In spite of excellent cure rates for prostate cancer patients with favorable tumor characteristics, patients with unfavorable characteristics after radical prostatectomy are still at a significantly increased risk of tumor progression. Early adjuvant hormonal therapy (AHT) has been shown to be of prognostic benefit in these patients. Unfortunately initiation and duration of early AHT in the individual patient is based on statistic data. PSA, as the standard prostate marker is neither able to reliably indicate minimal residual tumor disease in the early postoperative phase, nor can it be used for therapy monitoring due to the suppressive effect of hormonal therapy on PSA production.

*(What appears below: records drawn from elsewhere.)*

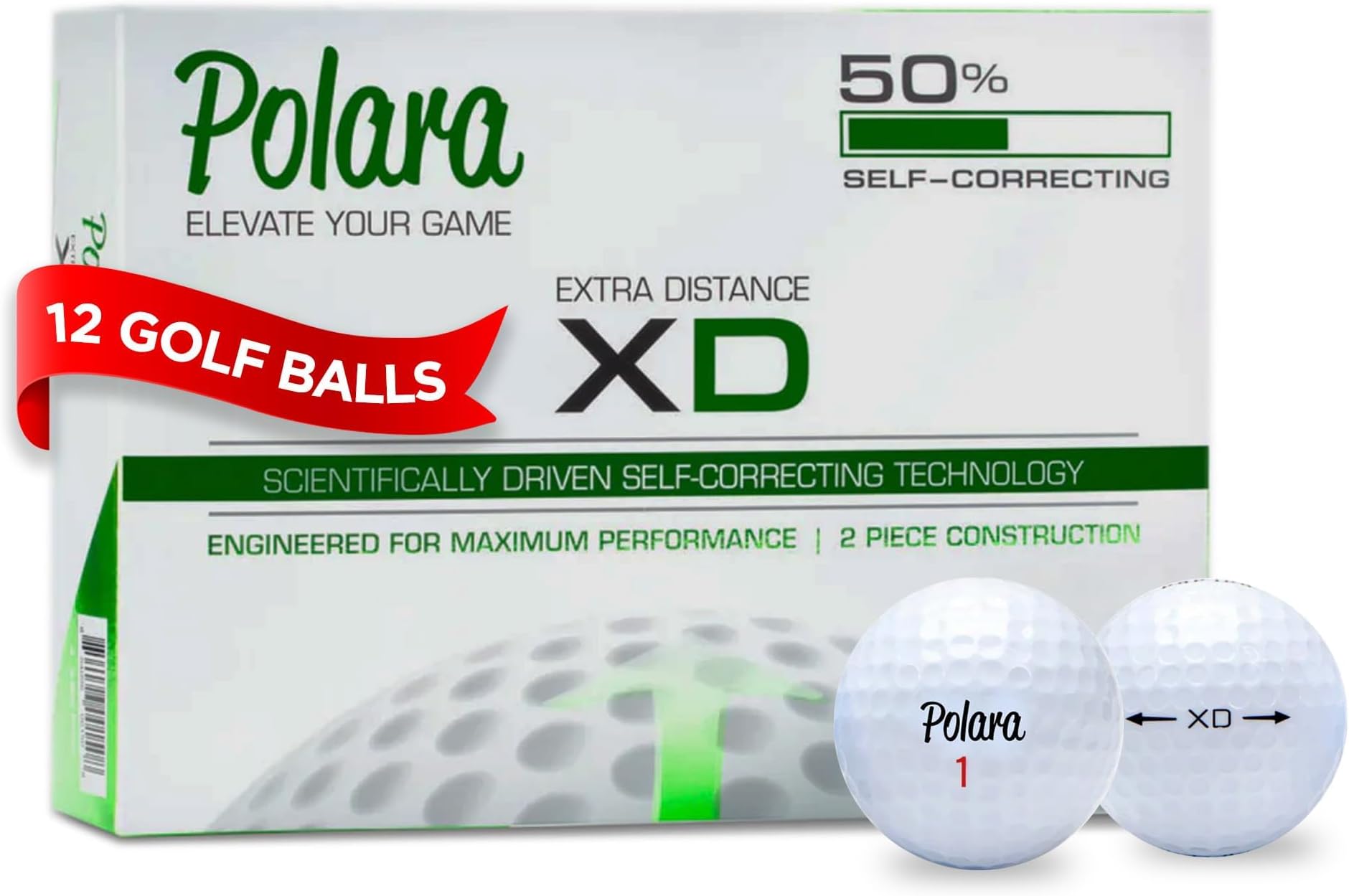 Polara Ultimate Straight, Extra Spin, Extra Distance, and Extra Distance & Spin Premium Golf Balls | Hook and Slice Correction | Perfect for Recreational Golfers | 1 Dozen Balls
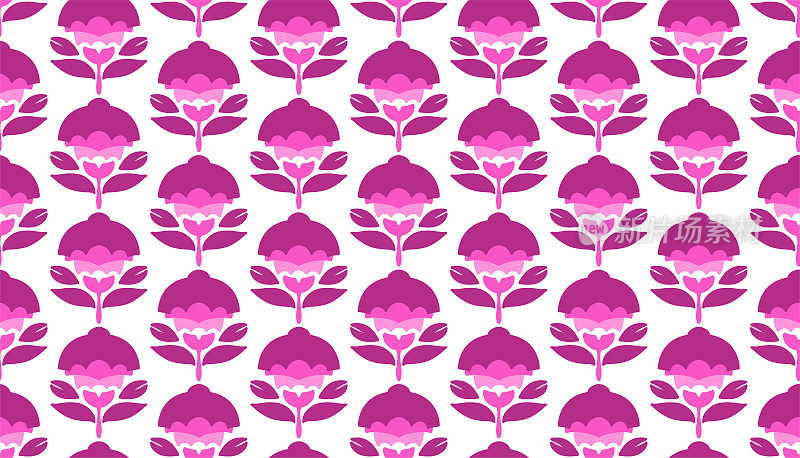 花卉无缝图案与粉红色和紫色的花平面设计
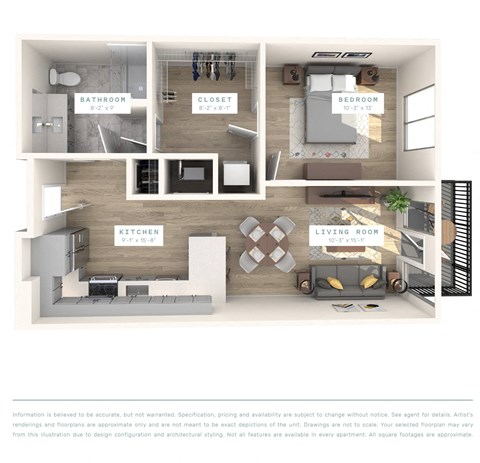 Floor plan for 1 bed, 1 bath, 699 sqft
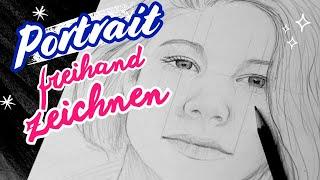 Portrait FREIHAND nach FOTOVORLAGE zeichnen - How to DRAW a Portrait FREEHAND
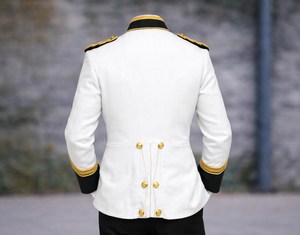 Men's White Formal Shirt <b>Jacket</b> Sailor Collar Epaulet Embroidered Regular Sleeve Single Breasted <b>Slim</b> <b>Fit</b> - Product Image 3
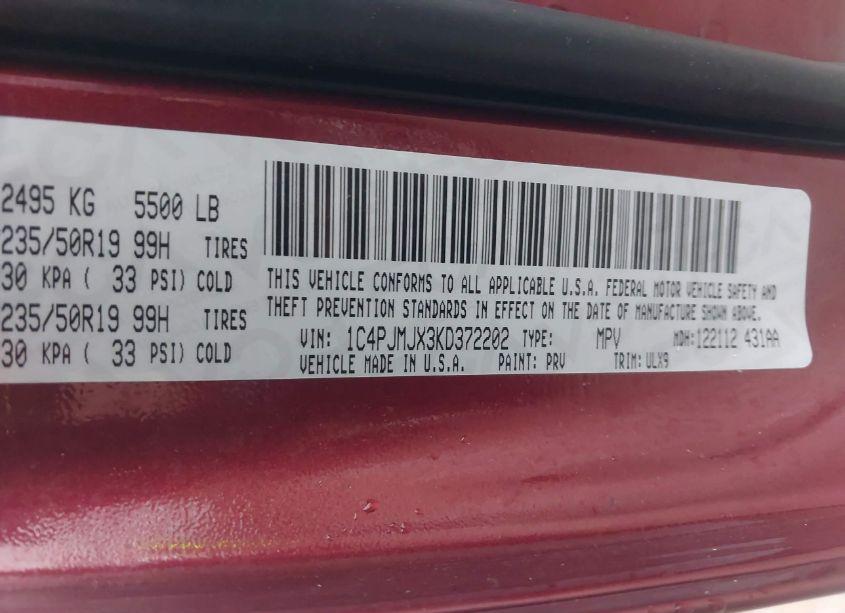 Photo 9 of 2019 Jeep Cherokee OVERLAND 4X4 (VIN 1C4PJMJX3KD372202)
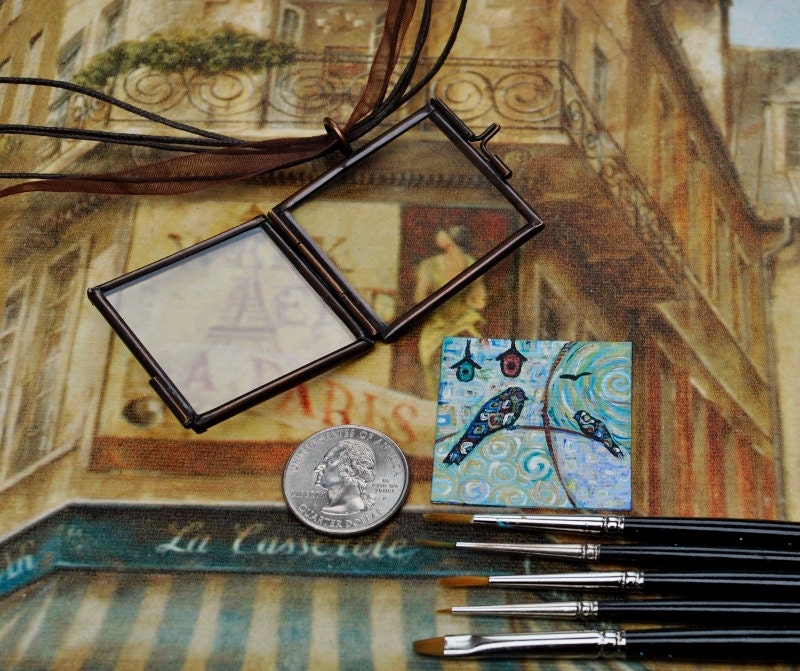 Bird and Bird house Necklace Pendant - Handpainted - ORIGINAL Dana Marie Wearable Art - Bridesmaid Gift - EBSQ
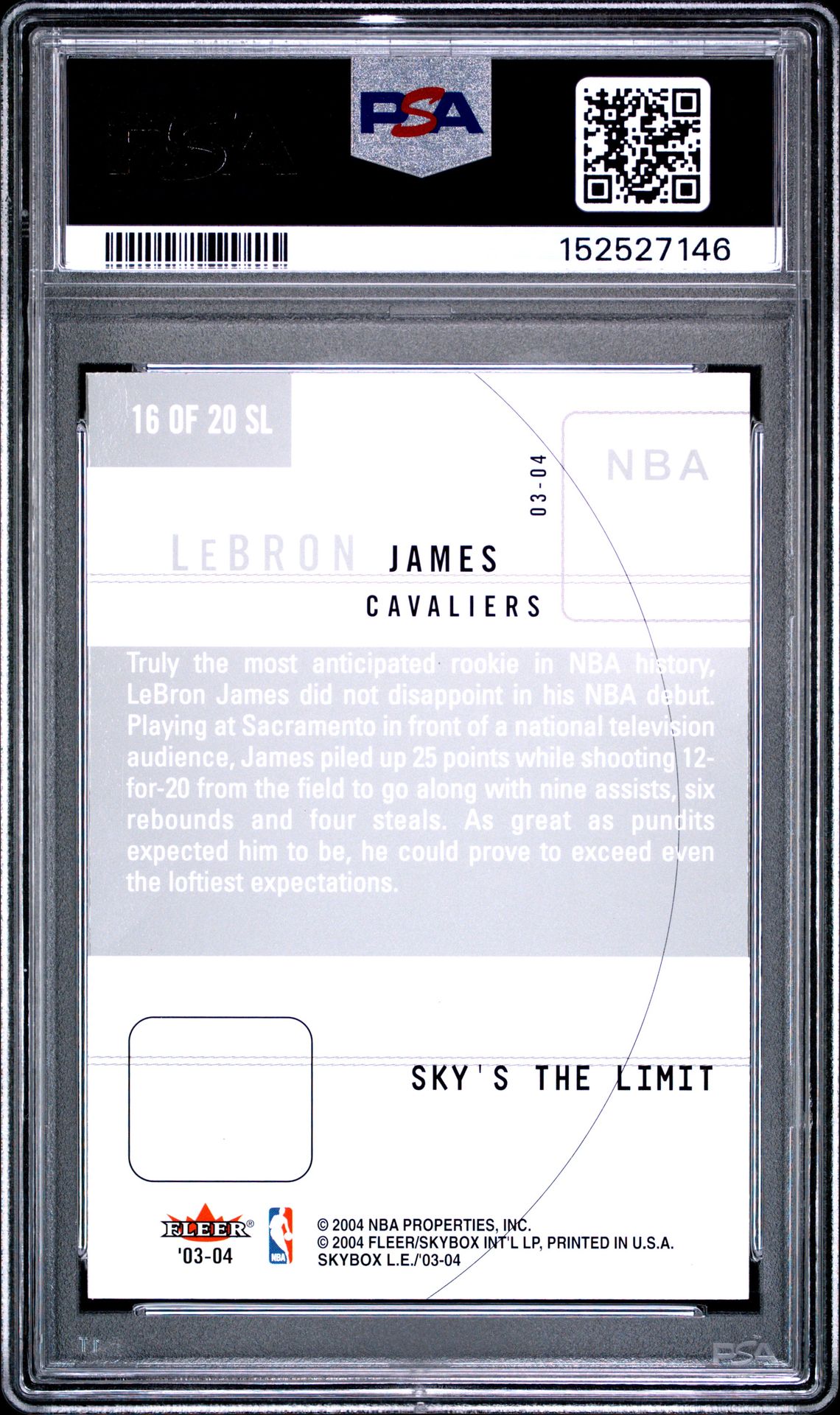 2003 Skybox L.e. Sky's The Limit Lebron James #16 (Sky's The Limit) Gem Mt 10 back view - PSA certificate #152527146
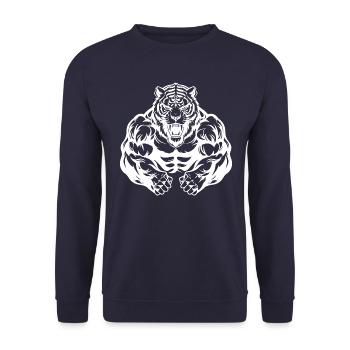 Tiger Workout Gym - Unisex Sweatshirt - navy - Front - Alina (178cm) & Michal (187cm)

Promoter hypermethylation of the detoxifying glutathione-S-transferase P1 gene (GSTP1-HM) has been shown to be the most common DNA alteration of primary prostatic carcinoma which, when used as a marker, is supposed to be able to overcome some of the disadvantages of PSA. However until now information on the impact of hormonal therapy on the detection of GSTP1-HM is lacking. The purpose of our study was to assess the impact of endocrine therapy on the detection of GSTP1-HM by methylation-specific PCR (MSP) in prostate cancer.

Methods

Paraffin embedded tumor samples from the radical prostatectomy (RP) specimens from 15 patients after hormonal therapy (HT) (mean 8 months) were assessed by MSP. In 8 of the patients the GSTP-1 status of the tumors before HT was assessed on the corresponding initial diagnostic biopsies.

Results

Following HT MSP showed GSTP1-HM in 13/15 of the RP specimens. In two patients analysis of the RP specimens failed to show GSTP1-HM. All initial tumor samples (8/8 biopsy specimens) showed GSTP1-HM, including both patients negative for GSTP1 HM in the corresponding RP specimen.

Conclusion

In most cases hormonal therapy appears to not alter GSTP1 HM detection. However the change from a positive to a negative GSTP1 HM status in a subset of the patients may point to an, at least partial androgen dependency. Further studies on a larger cohort of patients are necessary to assess its frequency and the exact hormonal interactions.